··· Supplied data ···
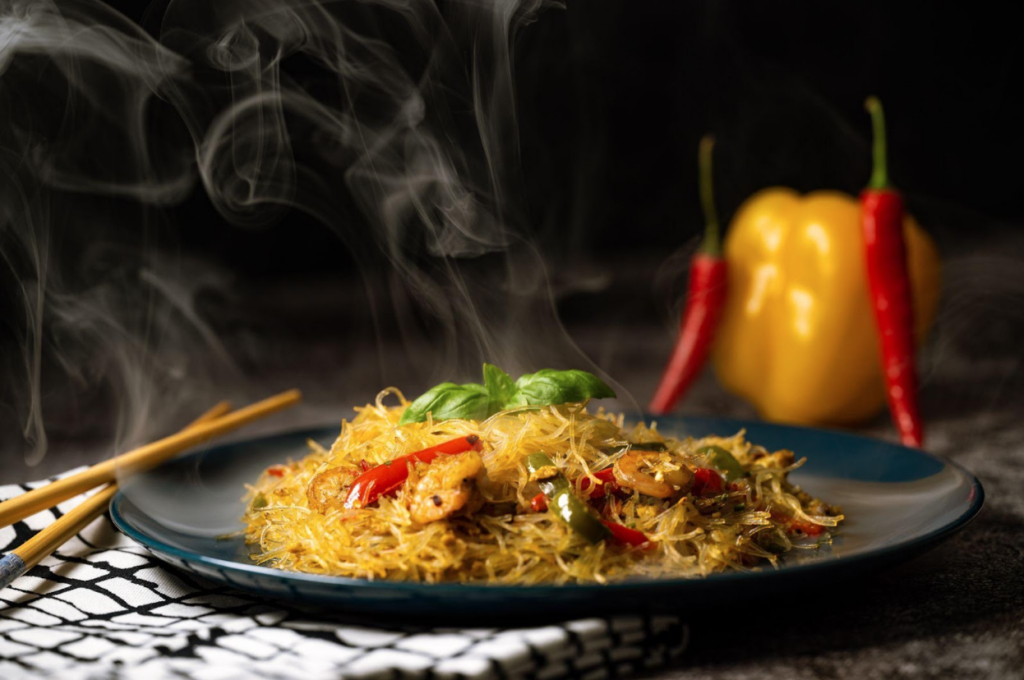 Smoky Asian salad with glass noodles, chicken, prawn, shrimp, and vegetables on a gray background.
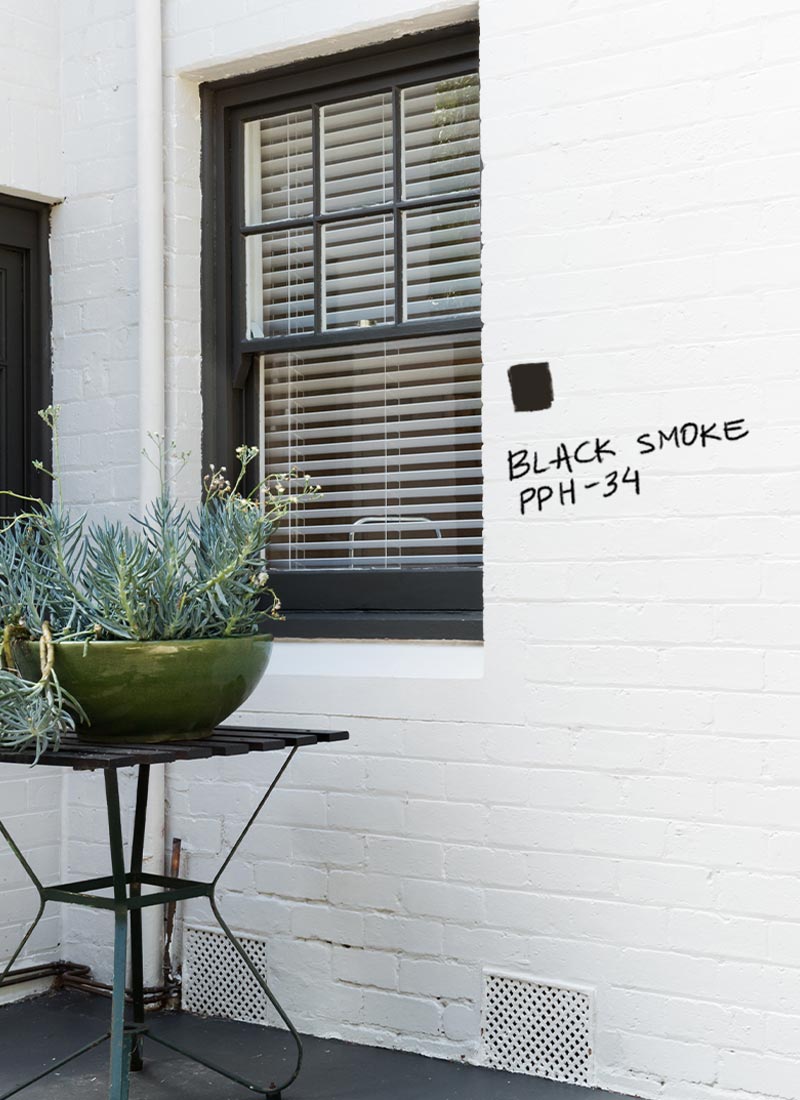 Home exterior with window trim painted in Black Smoke, Behr Premium Cabinet Door & Trim Enamel paint.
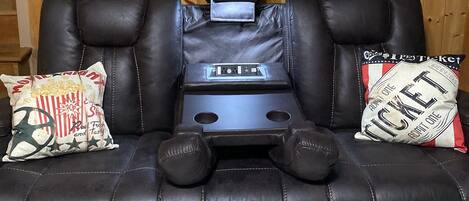 A black leather recliner with a built-in massage chair, a small table, and a pillow with a cinema ticket design.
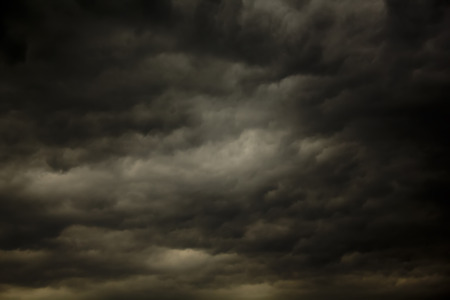Dark rain clouds in the sky on a sunny day.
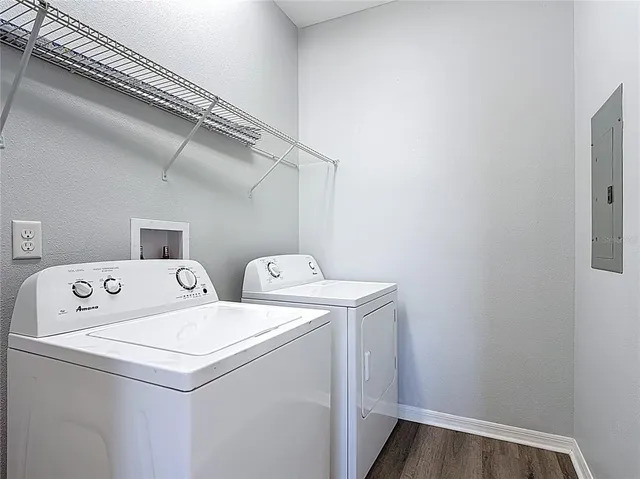 a utility room with dryer and washer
···
• [Exercise]:
Copy exactly the lines from the line that has "Dark rain clouds in the sky on a sunny day." through the last line of the entries above, inclusive, and no others. Pictures do not go in the copy.

• [Result of the exercise]:
Dark rain clouds in the sky on a sunny day.
 a utility room with dryer and washer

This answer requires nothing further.